The simulation, created by physicists at Carnegie Mellon University and the University of California-Berkeley, shows that the early universe - a mere 500 million years after the Big Bang might have had more order and structure than previously thought.
"It is awe inspiring to think that galaxies much like our own existed when the universe was so young," said Tiziana Di Matteo, professor of physics at Carnegie Mellon.
The deepest Hubble Space Telescope observations have thus only covered small volumes of space and have found very irregular, clumpy galaxies at these early epochs.
"It is not surprising that in these small volumes some of the small galaxies do not have regular morphologies like large disk galaxies," Matteo added.
Similarly, numerical simulations have been limited in size so they have only made predictions for the smaller, clumpier galaxies at these early times.

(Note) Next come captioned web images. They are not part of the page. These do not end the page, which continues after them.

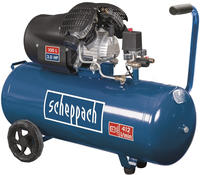 Scheppach - Doppelzylinder Druckluft Kompressor Hc120dc 100l 10 Bar 3 Ps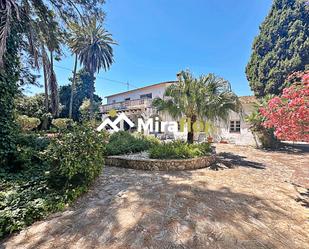 Exterior view of Country house for sale in Dénia  with Air Conditioner, Private garden and Terrace
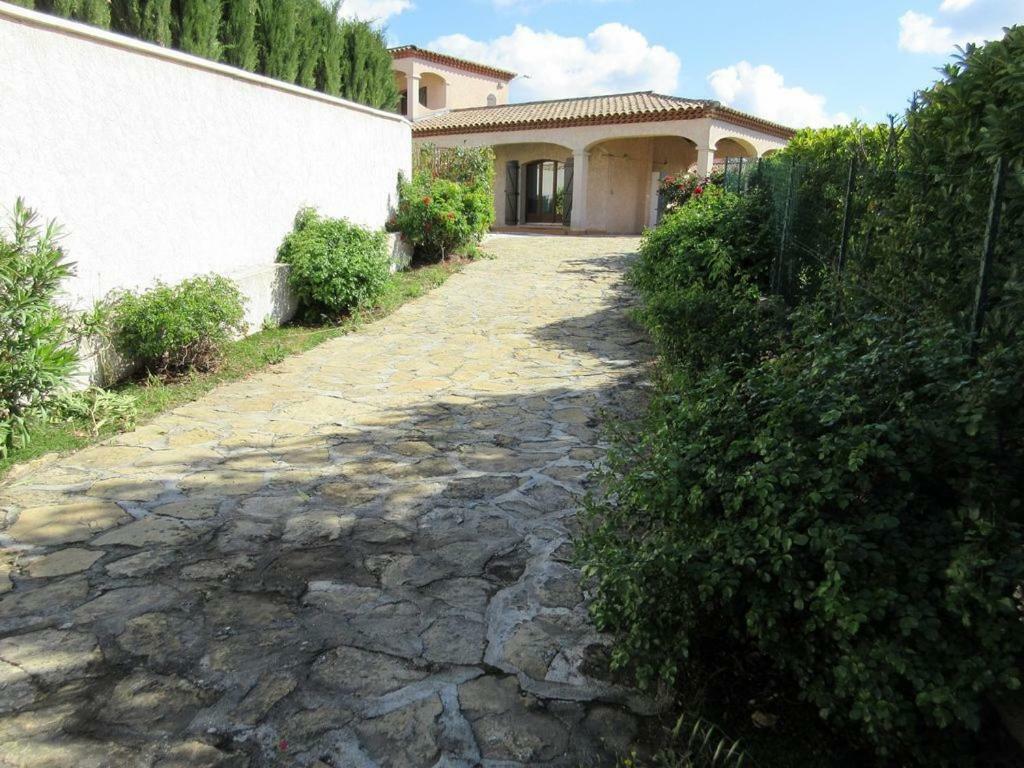 Villa Spacieuse, Climatisation, Piscine, Jardin Paysage, Proche Mer Saint-Cyr-sur-Mer Exterior photo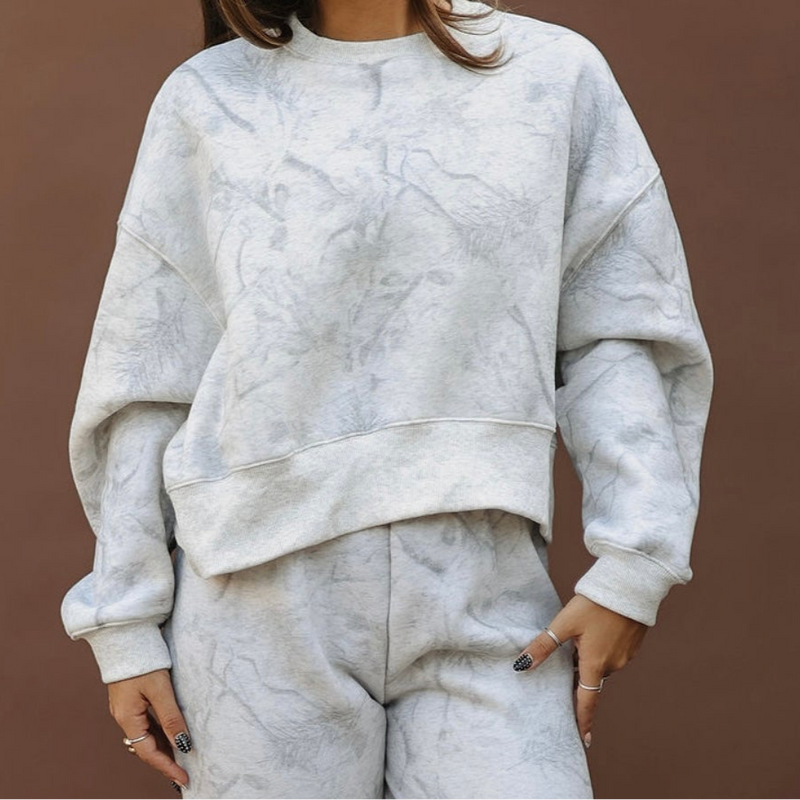 Camo Oversized Sweatshirt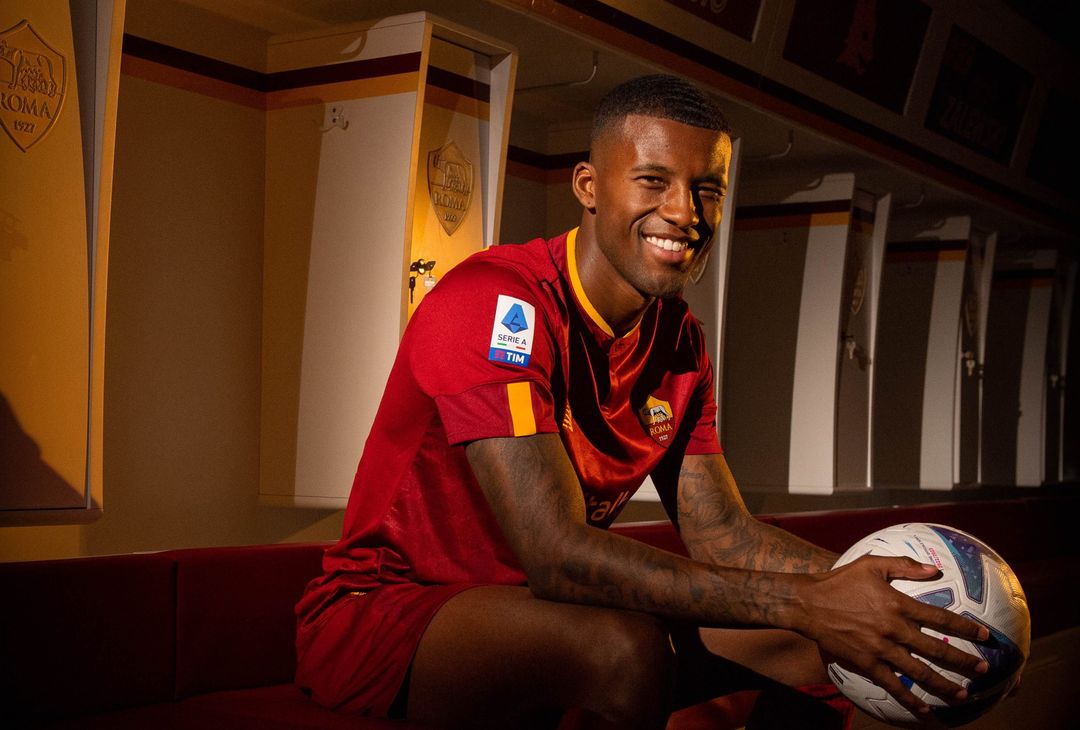 Wijnaldum è un nuovo giocatore della Roma – FOTO GALLERY - immagine 28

Di Matteo and fellow physics professor Rupert Croft have long been at the forefront of simulation cosmology, completing some of the largest simulations ever created.
Their current simulation, called BlueTides, is 100 times larger than previous simulations.
They were surprised to find a number of disk galaxies in the universe at 500 million years post-Big Bang.
Since disk galaxies are so large and complex, most researchers assumed that they would take a very long time to form and would be rare, if they existed at all, in the early universe.
"Our simulation showed that the early universe might be far from being just this. It might contain beautiful symmetrical galaxies, like the Milky Way," Croft noted.
Their findings, forthcoming in The Astrophysical Journal Letters, will help guide researchers using next-generation telescopes as they search the sky for evidence of the first galaxies.